The shapes of data

It can be a bit of a pain to think about the various “shapes of data” available across languages. Often in learning a new language you might seek a “Rosetta Stone”. It’s valuable to be able to translate common shapes from one syntax to another. At the same time, it’s not always possible to make all of these translations cleanly. It can seem like some shapes are available in some places and not others.

Let me share my Rosetta Stone. It’s more fundamental, and thus widely applicable, than others. It’s also likely to be familiar to you because it’s exactly the same things you learned in high school algebra.

Note: This post is a reworking of an old post from an old blog.

What is data? What is a shape?

Data is the current state of the world. It’s static—immutable if you prefer—as even in a language which allows mutation at any single point in time the state of the world follows a particular shape.

We can separate “data” from the idea of “computation” which talks about change and effect. In most languages these lines are casually blurred. It may not always be completely clear where one ends and the other begins. I like to think that “data is anything you can hold in your hand”. It’s the things that exist right now. The state of the world may change, but at each snapshot the data is frozen as it is.

The shapes of data I want to share are compositional. We start from small pieces and then find ways to glue those pieces together to create more complex shapes. They then become a language for building up or taking apart the data you have.

The shapes of data

The shapes of data are 1, 0, X + Y, X \times Y, and X ^ Y.

These should look familiar. They’re some of the same components you learned as algebra. This is no mistake. The shapes of data are the same as the shapes of high school algebra. We’ll see later how to exploit this correspondence.

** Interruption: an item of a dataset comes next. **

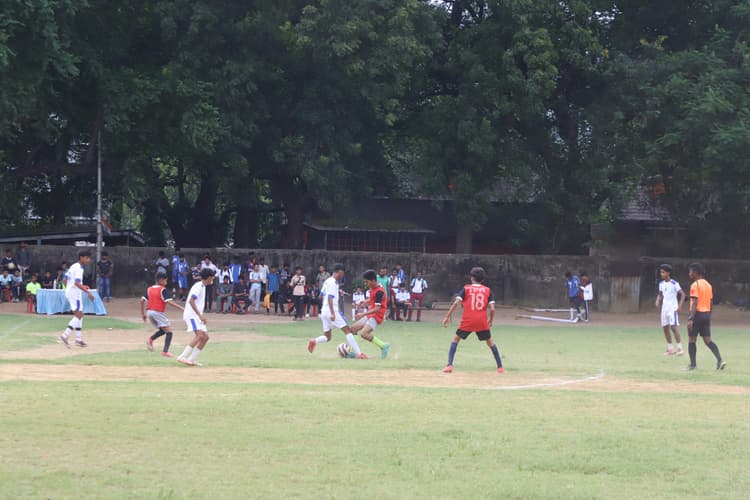 जूनियर बालक वर्ग में डीबीएमएस कदमा चैंपियन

Actually, these shapes match intuitions we’ve built for many different kinds of things. Here’s a quick summary:

  • 1 is the trivial shape. It represents possibility and truth, it corresponds to void in C-like languages and is also called Unit or () in others, and, as you suspect, it works like the number 1 in mathematics.
  • 0 is the empty shape. It represents impossibility or falsehood, it corresponds to the result of calling a function that never returns and is sometimes (confusingly) called Void or ! or impossible. Finally, mathematically it corresponds to 0.
  • X \times Y is the “all together” shape. It represents combination and logical and and multiplication in mathematics. It’s wildly pervasive in programming languages as the notion of the struct, the object, the pair or tuple, or any time when you stick two pieces of data together at once.
  • X + Y is the “one or the other” shape. It represents choice or logical or, and in mathematics it corresponds to addition. It is also wildly pervasive in programming as the notion of choice that’s embedded in the booleans, in dispatch, in pattern matching, in if statements. That said, these sorts of things aren’t always something you can “hold in your hand”. Many languages make it difficult to talk about X + Y and instead only let you talk about its computational shadow. I’ll explain more below.
  • X^Y is the “mapping” shape. It represents logical implication and the notion of transformation from (confusingly) Y to X. So we often see it written as Y \rightarrow X or Y -> X and indeed it is represented by functions in programming languages.

Keeping this overview in mind, let’s dig in and explore each shape individually.

Unit, the most boring shape

The shape 1 is the shape of any single thing. By itself it conveys no data at all.

To a programmer it is most often known, confusingly, as void. A function in say C returns void when it has no interesting return value. But the thing to keep in mind is that a function which returns void actually does return. Compare that with a function like exit which immediately exits the program. That’s a different sort of behavior than returning boring value.

(Perceptive readers will note that stdlib.h gives the signature void exit(int status). But this is a lie. A function that never returns can claim whatever return value it wants: if exit claimed to return an int would you even know? We’ll see that the shape of this sort of data—nothingness—is 0 in a minute. C doesn’t have a type corresponding to 0, though, so it just picks an arbitrary stand-in.)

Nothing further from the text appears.